→ THE RECORDS
^^^^
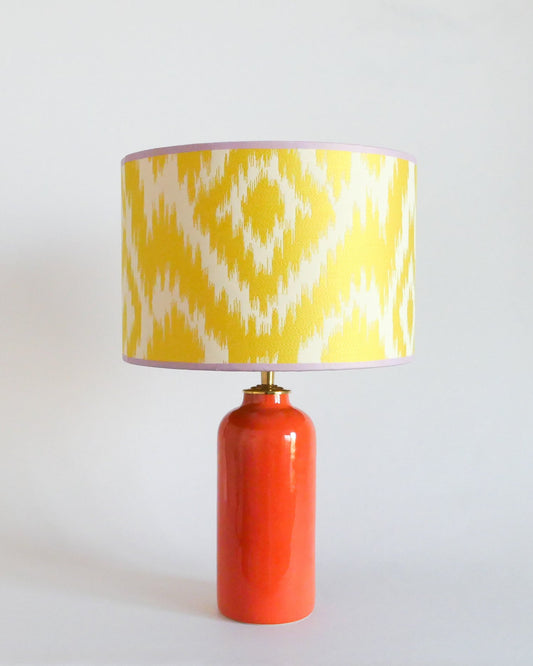 Ceramic table lamp with a yellow and white patterned shade on an orange base against a white background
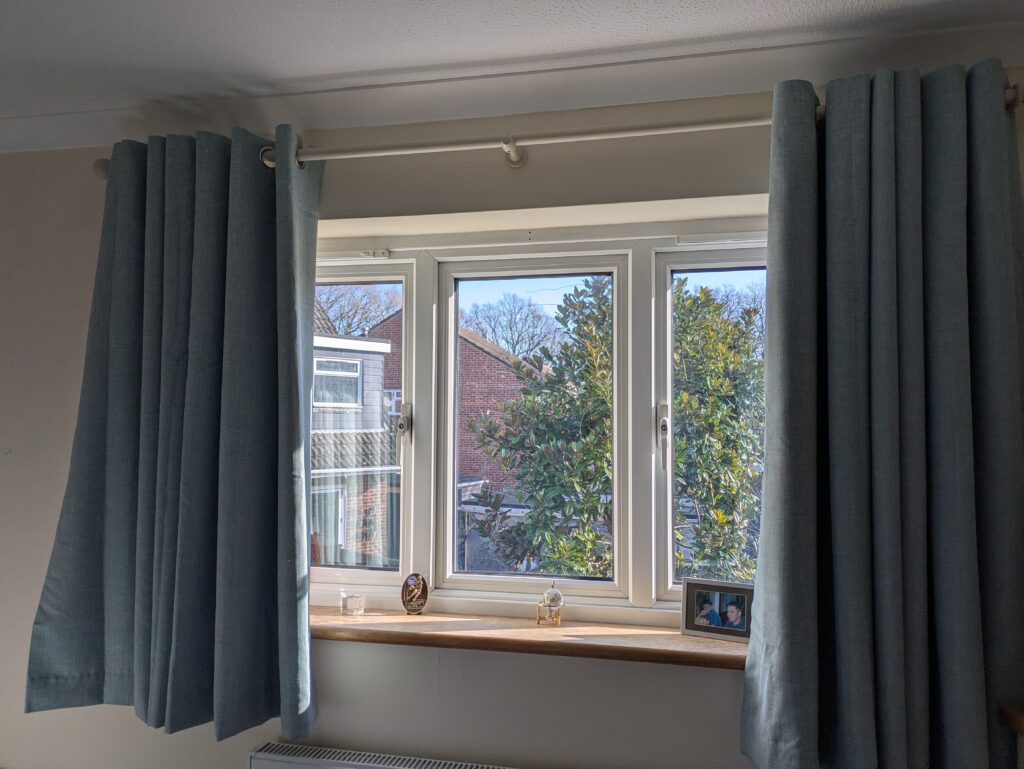 Hanging a curtain rail, newly hung and open curtains Worthing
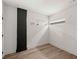 Empty room featuring wood floors, white walls, and modern lighting at 108 Park Place Unit 104, Decatur, GA 30030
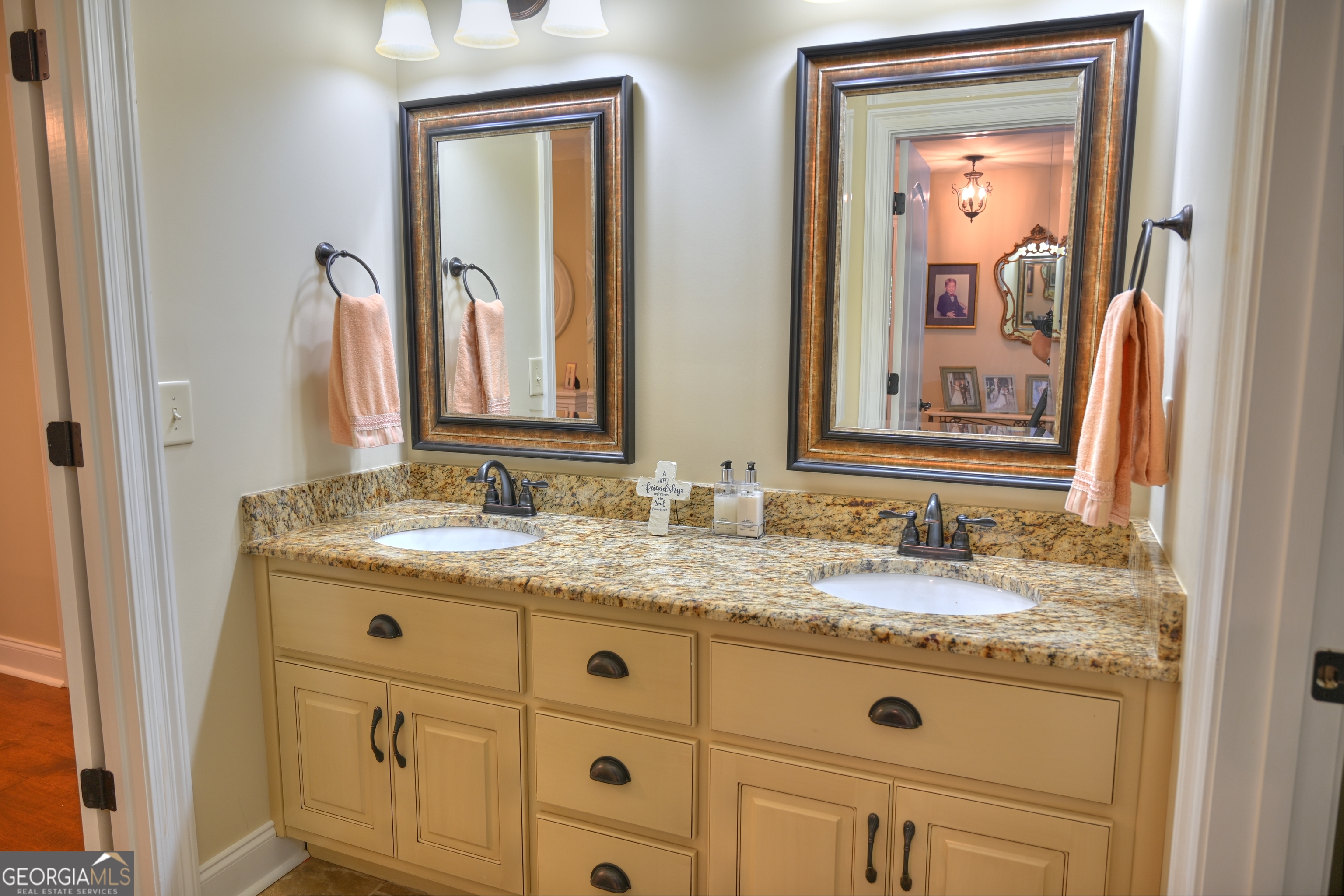 7381 Lullwater Road Columbus, GA 31904 - Photo 23 of 47 a bathroom with a granite countertop sink vanity and mirror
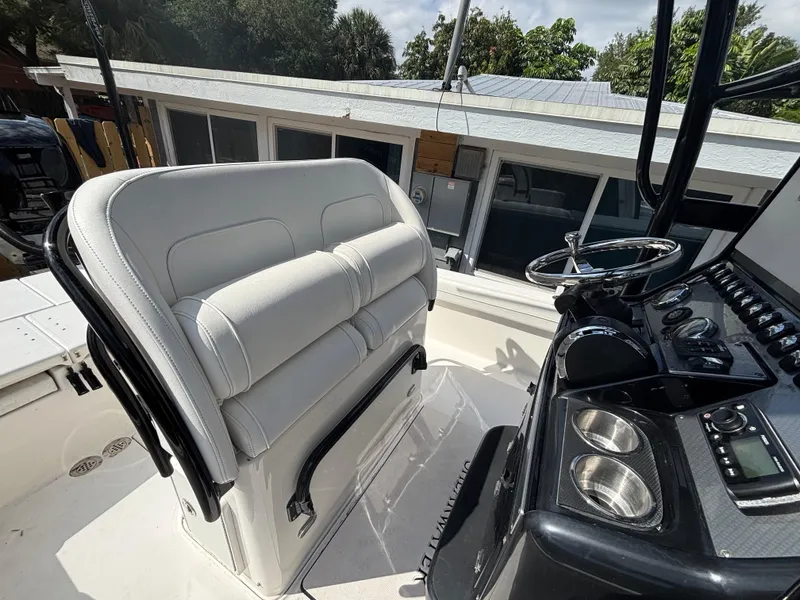 Slide: The Image of 2016 ShearWater 260 Carolina Bay boat interior with helm and seating. - 26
^^^^
→ ACTION ITEM
Where an entry includes an image, skip the image and return everything else exactly.

→ RESULT
 Ceramic table lamp with a yellow and white patterned shade on an orange base against a white background
 Hanging a curtain rail, newly hung and open curtains Worthing
 Empty room featuring wood floors, white walls, and modern lighting at 108 Park Place Unit 104, Decatur, GA 30030
 7381 Lullwater Road Columbus, GA 31904 - Photo 23 of 47 a bathroom with a granite countertop sink vanity and mirror
 Slide: The Image of 2016 ShearWater 260 Carolina Bay boat interior with helm and seating. - 26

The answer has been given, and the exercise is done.